## Task details
Please transcribe only the lines from the one holding "Crystal Agave Green" through the final line of the data, both included, with no pictures.

## Data segment
----------------

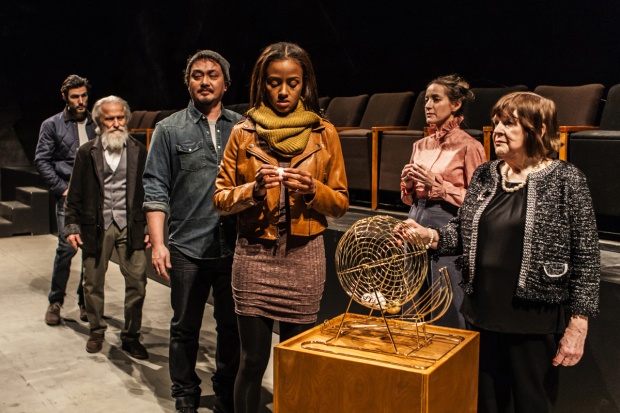 Louis Cancelmi, David Patrick Kelly, Michael Braun, Lakisha Michelle May, Brooke Bloom, and Marylouise Burke star in Branden Jacobs-Jenkins&#39; Everybody, directed by Lila Neugebauer, at Signature Theatre.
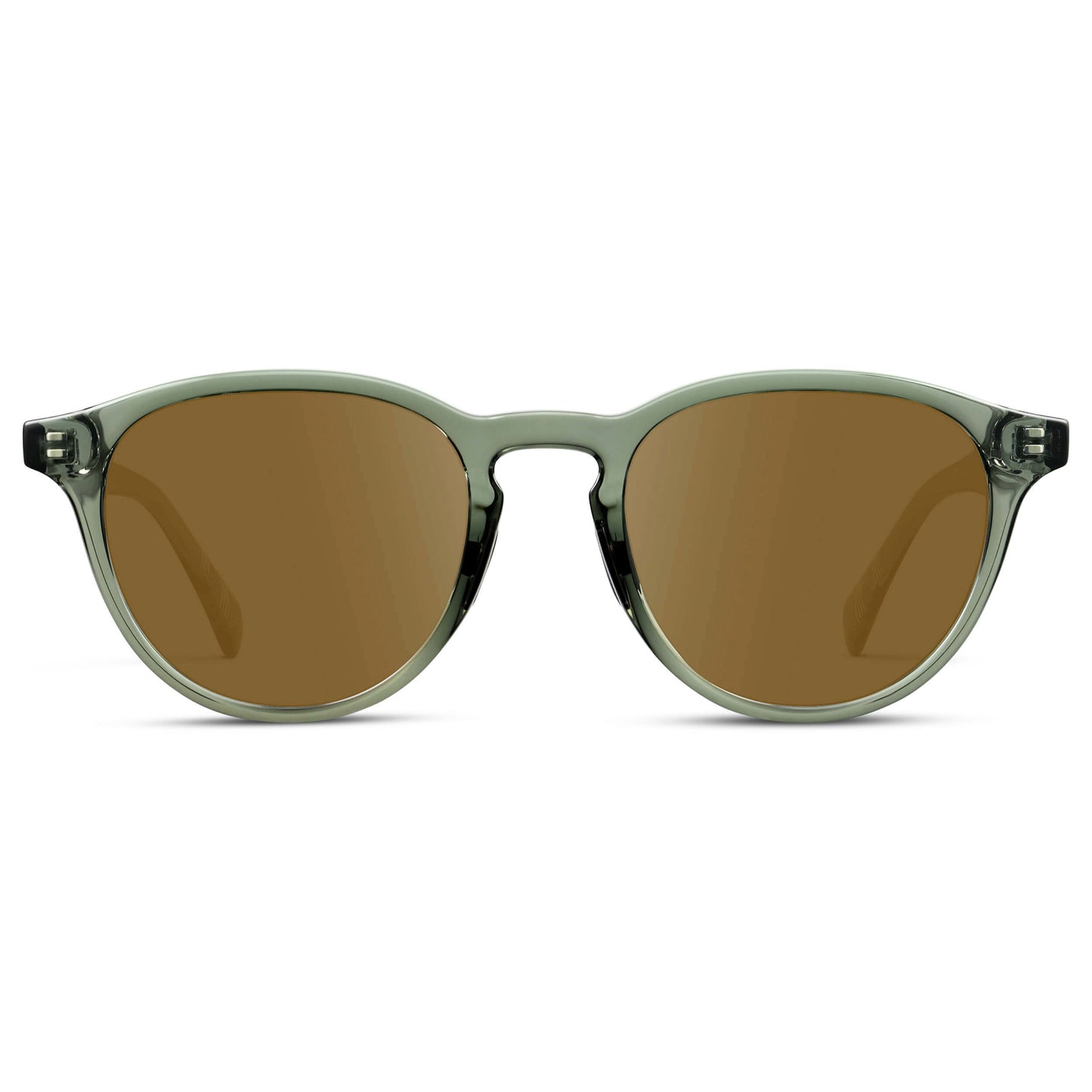 Crystal Agave Green / Amber || Unisex Round Performance Prescription Sunglasses with Green Acetate Frame and Amber Lens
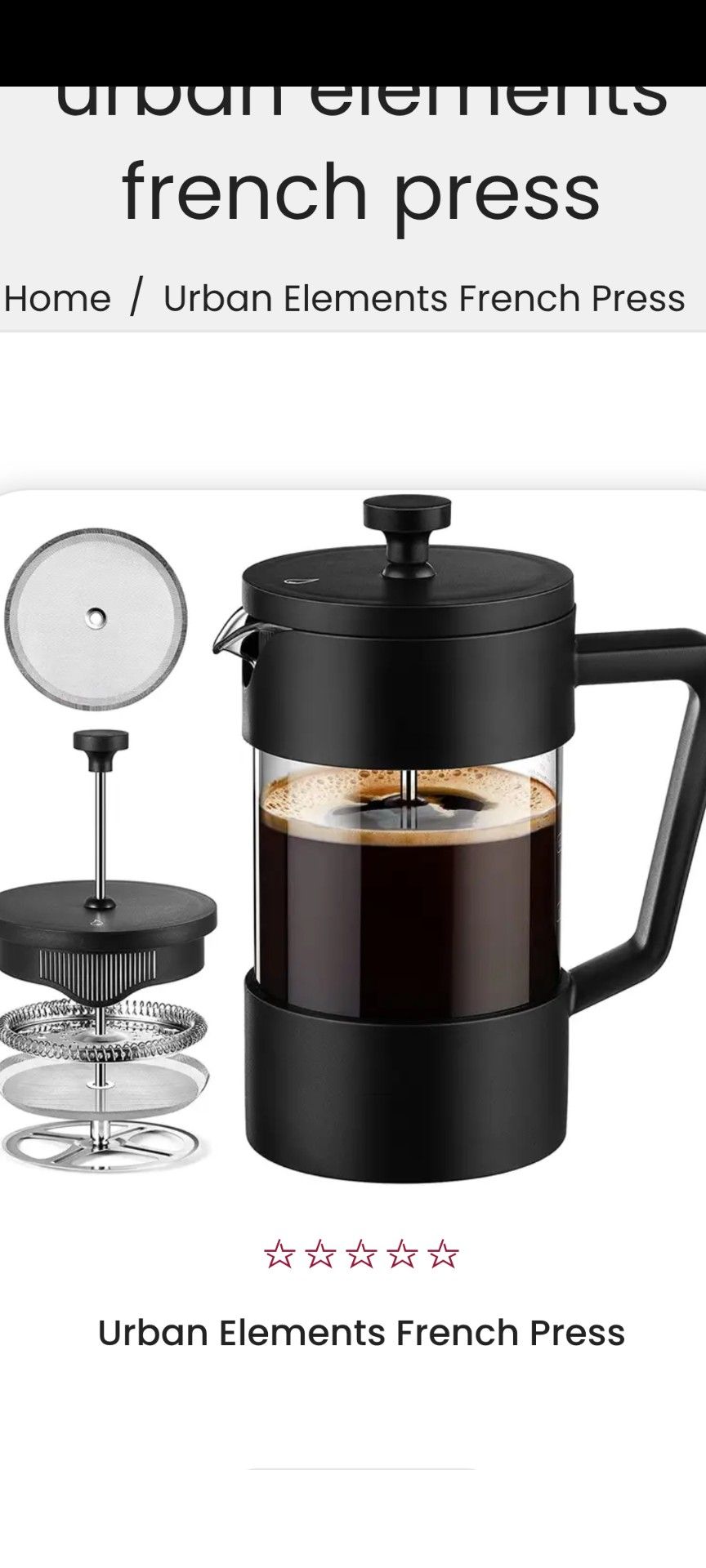 "Urban Element" Coffee French Press, 20 Fl. Oz /600ml, New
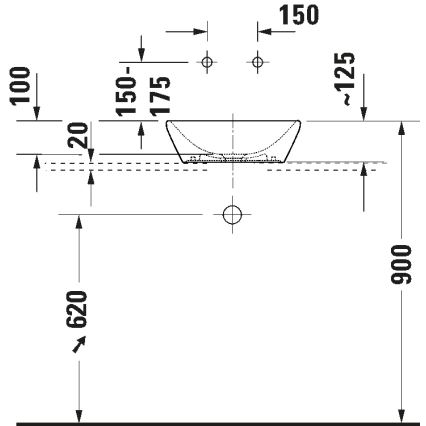 Duravit 2397400070 - Tvättställ för bänkskiva D-NEO 40x40 cm keramik/blankvit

----------------

## Response
 Crystal Agave Green / Amber || Unisex Round Performance Prescription Sunglasses with Green Acetate Frame and Amber Lens
 "Urban Element" Coffee French Press, 20 Fl. Oz /600ml, New
 Duravit 2397400070 - Tvättställ för bänkskiva D-NEO 40x40 cm keramik/blankvit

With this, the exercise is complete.